**Exercise objective:** Print the listing in full, with no character changed.

**Data:**
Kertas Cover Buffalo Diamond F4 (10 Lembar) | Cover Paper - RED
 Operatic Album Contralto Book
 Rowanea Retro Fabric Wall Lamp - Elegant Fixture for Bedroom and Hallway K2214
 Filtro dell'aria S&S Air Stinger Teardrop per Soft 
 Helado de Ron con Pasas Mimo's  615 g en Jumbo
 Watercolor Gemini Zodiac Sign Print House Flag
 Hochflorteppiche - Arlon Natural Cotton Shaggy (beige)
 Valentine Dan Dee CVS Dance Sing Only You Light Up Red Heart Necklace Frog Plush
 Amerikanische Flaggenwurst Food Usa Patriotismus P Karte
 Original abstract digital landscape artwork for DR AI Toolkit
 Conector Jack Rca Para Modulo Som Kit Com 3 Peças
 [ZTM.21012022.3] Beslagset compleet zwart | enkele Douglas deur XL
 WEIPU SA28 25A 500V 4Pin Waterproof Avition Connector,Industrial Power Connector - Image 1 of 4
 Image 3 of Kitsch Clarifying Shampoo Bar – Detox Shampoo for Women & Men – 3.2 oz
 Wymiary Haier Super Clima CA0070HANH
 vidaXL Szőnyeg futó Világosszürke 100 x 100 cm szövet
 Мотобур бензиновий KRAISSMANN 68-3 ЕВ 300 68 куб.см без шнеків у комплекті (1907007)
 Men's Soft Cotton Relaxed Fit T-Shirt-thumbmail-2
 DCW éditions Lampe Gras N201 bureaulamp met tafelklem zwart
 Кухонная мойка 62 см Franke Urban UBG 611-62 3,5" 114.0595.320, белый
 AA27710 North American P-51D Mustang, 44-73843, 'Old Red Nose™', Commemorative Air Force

**Exercise output:**
Kertas Cover Buffalo Diamond F4 (10 Lembar) | Cover Paper - RED
 Operatic Album Contralto Book
 Rowanea Retro Fabric Wall Lamp - Elegant Fixture for Bedroom and Hallway K2214
 Filtro dell'aria S&S Air Stinger Teardrop per Soft 
 Helado de Ron con Pasas Mimo's  615 g en Jumbo
 Watercolor Gemini Zodiac Sign Print House Flag
 Hochflorteppiche - Arlon Natural Cotton Shaggy (beige)
 Valentine Dan Dee CVS Dance Sing Only You Light Up Red Heart Necklace Frog Plush
 Amerikanische Flaggenwurst Food Usa Patriotismus P Karte
 Original abstract digital landscape artwork for DR AI Toolkit
 Conector Jack Rca Para Modulo Som Kit Com 3 Peças
 [ZTM.21012022.3] Beslagset compleet zwart | enkele Douglas deur XL
 WEIPU SA28 25A 500V 4Pin Waterproof Avition Connector,Industrial Power Connector - Image 1 of 4
 Image 3 of Kitsch Clarifying Shampoo Bar – Detox Shampoo for Women & Men – 3.2 oz
 Wymiary Haier Super Clima CA0070HANH
 vidaXL Szőnyeg futó Világosszürke 100 x 100 cm szövet
 Мотобур бензиновий KRAISSMANN 68-3 ЕВ 300 68 куб.см без шнеків у комплекті (1907007)
 Men's Soft Cotton Relaxed Fit T-Shirt-thumbmail-2
 DCW éditions Lampe Gras N201 bureaulamp met tafelklem zwart
 Кухонная мойка 62 см Franke Urban UBG 611-62 3,5" 114.0595.320, белый
 AA27710 North American P-51D Mustang, 44-73843, 'Old Red Nose™', Commemorative Air Force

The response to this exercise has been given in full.